What the task requires
From the data below, set down exactly the lines between the one holding "Doppelhaushälfte Schöneiche bei" and the one holding "Maison individuelle de", inclusive, and no others.

******************************

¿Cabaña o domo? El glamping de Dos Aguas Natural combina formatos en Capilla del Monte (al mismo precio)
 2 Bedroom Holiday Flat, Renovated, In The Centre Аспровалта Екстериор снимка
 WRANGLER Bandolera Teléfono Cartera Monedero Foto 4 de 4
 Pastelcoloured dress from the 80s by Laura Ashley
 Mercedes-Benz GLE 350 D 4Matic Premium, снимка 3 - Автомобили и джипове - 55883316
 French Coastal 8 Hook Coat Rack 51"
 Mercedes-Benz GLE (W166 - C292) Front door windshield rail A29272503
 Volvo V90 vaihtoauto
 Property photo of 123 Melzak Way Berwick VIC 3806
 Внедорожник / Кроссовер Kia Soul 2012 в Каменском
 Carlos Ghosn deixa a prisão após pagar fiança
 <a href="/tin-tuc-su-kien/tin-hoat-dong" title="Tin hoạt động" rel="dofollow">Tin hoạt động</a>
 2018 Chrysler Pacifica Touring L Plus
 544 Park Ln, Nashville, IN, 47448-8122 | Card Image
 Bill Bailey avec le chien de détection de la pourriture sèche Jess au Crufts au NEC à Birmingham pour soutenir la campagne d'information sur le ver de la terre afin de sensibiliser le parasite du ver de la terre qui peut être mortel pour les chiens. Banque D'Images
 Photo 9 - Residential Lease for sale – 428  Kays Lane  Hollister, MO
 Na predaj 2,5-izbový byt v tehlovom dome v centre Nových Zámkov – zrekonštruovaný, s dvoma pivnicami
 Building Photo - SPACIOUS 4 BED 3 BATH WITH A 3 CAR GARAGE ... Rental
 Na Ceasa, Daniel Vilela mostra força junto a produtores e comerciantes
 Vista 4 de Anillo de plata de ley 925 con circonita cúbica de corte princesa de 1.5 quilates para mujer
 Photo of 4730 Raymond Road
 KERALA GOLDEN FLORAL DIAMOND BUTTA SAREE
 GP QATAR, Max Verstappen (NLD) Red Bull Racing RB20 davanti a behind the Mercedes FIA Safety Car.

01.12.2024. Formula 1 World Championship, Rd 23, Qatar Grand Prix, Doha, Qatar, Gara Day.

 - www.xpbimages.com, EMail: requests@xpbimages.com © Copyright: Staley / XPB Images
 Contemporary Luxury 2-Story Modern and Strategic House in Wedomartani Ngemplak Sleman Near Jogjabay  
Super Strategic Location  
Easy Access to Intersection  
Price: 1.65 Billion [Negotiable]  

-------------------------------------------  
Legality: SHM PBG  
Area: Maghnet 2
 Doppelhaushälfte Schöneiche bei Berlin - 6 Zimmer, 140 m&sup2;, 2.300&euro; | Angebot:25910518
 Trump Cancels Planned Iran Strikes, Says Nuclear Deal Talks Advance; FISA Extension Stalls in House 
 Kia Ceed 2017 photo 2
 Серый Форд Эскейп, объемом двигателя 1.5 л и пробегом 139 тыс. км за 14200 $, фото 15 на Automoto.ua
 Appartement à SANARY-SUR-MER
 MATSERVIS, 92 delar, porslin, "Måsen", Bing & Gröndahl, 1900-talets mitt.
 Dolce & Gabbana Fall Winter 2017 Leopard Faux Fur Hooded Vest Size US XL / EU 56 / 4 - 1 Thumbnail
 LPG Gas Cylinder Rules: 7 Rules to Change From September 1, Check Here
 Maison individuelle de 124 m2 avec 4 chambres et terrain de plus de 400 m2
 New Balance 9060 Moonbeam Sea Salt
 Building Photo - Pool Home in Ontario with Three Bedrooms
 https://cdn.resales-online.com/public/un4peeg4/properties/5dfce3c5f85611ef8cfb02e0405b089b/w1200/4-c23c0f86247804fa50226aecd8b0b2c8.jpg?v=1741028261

******************************

Response box
 Doppelhaushälfte Schöneiche bei Berlin - 6 Zimmer, 140 m&sup2;, 2.300&euro; | Angebot:25910518
 Trump Cancels Planned Iran Strikes, Says Nuclear Deal Talks Advance; FISA Extension Stalls in House 
 Kia Ceed 2017 photo 2
 Серый Форд Эскейп, объемом двигателя 1.5 л и пробегом 139 тыс. км за 14200 $, фото 15 на Automoto.ua
 Appartement à SANARY-SUR-MER
 MATSERVIS, 92 delar, porslin, "Måsen", Bing & Gröndahl, 1900-talets mitt.
 Dolce & Gabbana Fall Winter 2017 Leopard Faux Fur Hooded Vest Size US XL / EU 56 / 4 - 1 Thumbnail
 LPG Gas Cylinder Rules: 7 Rules to Change From September 1, Check Here
 Maison individuelle de 124 m2 avec 4 chambres et terrain de plus de 400 m2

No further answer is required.